My least favorite part would be getting pennies or a Werther’s Original that some old lady was handing out because she forgot it was Halloween and didn’t want to go down to the store so she took whatever she had laying around and handed them to disappointed kids who, in later years, would throw eggs at her house to showcase their anger.
When I was older we would vandalize our neighborhoods with shaving cream, silly-string, fire, toilet paper, and, for some reason, toothpaste. We wouldn’t cause too much havoc, just enough that if it were any normal day of the year we would be arrested and called “arsonists.”
One of my least fond memories of Halloween will probably make you feel all warm and fuzzy inside, hopefully because you have a nice tall cup of hot cocoa. Be careful with it though and don’t pick it up during the funny parts because I don’t want to be sued for your stupidity.
When I was about six or seven, and really just getting into this whole English language thing, I attended a fun Halloween party at my friends house, in her basement, where I was alone with her father.
JUST KIDDING! Her father left her when she was a kid.
Despite my foggy memory of years past, I do believe for this party I was a Ghostbuster. If memory serves me correctly I had a small backpack, a nerf-type gun with soft sponge-like bullets, and a ghost trap that was more of a tripping hazard than anything else.
The party was fun. It featured a bunch of parents getting drunk and trying to remember their younger years when they didn’t have to care for another human being 24/7.
And then one of the most embarrassing moments in my life took place.
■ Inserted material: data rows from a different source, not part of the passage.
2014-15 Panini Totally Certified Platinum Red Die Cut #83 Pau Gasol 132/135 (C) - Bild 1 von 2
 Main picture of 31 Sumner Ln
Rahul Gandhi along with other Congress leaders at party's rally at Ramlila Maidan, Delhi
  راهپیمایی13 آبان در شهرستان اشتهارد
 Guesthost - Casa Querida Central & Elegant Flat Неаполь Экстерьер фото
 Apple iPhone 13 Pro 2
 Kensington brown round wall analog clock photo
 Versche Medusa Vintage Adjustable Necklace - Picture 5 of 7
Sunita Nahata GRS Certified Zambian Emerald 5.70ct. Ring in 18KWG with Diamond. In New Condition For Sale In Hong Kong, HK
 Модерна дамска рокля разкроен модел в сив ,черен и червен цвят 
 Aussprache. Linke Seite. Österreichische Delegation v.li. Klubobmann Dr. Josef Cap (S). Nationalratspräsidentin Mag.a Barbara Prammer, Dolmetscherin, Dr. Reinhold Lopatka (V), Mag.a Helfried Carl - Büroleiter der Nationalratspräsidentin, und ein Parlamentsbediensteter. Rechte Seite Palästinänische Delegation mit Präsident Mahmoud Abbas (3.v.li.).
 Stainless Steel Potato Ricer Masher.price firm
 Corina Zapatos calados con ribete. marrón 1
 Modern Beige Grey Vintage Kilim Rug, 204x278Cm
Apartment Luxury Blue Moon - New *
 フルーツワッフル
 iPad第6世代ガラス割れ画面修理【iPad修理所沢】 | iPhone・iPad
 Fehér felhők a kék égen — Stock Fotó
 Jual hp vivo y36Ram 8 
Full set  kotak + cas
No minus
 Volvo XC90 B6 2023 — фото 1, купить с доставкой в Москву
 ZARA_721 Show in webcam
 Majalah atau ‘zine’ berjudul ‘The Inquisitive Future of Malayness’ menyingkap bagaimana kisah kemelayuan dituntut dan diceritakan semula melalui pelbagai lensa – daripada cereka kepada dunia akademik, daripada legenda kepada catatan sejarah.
I think it may have been the first time I ever felt embarrassment, what with the 23 years that have passed since the event and the strong memory I have of it.
Nothing spices up a party like a contest and the host knew it!
Each child was asked to vote for the best costume of the day. We were each handed a piece of paper, a crayon, and told to write down who deserved to win the crown of “best costume.” Nothing kicks off a child’s life better than a good ol’ kick in the pants that would reverberate for years and bubble up in situations where any type of self-esteem in one’s self would be an asset.
My friend Blake had the best costume that year. I want to say he was a vampire, but I’m not really sure. I think I may have given him my vote because, at the time, he was one of my best friends. I wrote it down, submitted it and awaited the results. Reflecting back now I kind of knew that I wouldn’t win so I was consoling myself with various sugary treats.
Then came the big announcement.
The first name read off was Blake’s. I smiled, knowing that I did him a favor. I felt proud of my friend for having such a great costume or, as I know now, just being more popular than anyone else at the party.
The next name that came out was Blake’s again.
Then the next was again Blake.
I looked around the room with some disdain for the other voters. This may have been the first time I ever associated with the feeling of being cheated on. Just how many best friends did Blake have?
“Alright, folks, the next name is…Bla-”
A hushed silence came over the room.
The host paused for a moment.
“Wait. Who is Black? Who wrote black? B-L-A-C-K?”
My stomach dropped and I remember feeling dizzy.
Although my mind was telling me to stop it, my arm was already raised above my head.
“Did you write Black?”
Yes I did.
“Who did you mean to vote for?”
I can still feel the glaring eyes of the drunk mothers and fathers in the room as they continued to stare a hole in my back. I was in the middle of the room standing completely alone. The first time I felt naked in front of a group of people. I did all I could to hide my embarrassment, luckily it didn’t manifest itself in any other way than tears. I’m very happy, still to this day, that my body’s response to that situation wasn’t releasing my bladder.
The host saw the situation that was in front of her and quickly pulled the next name out and read it, “Blake!”
I was still there, standing alone in the middle of the room but everyone’s attention luckily moved away from me and back to the star of the show. I learned something that day though, always, always, ALWAYS, proofread your work.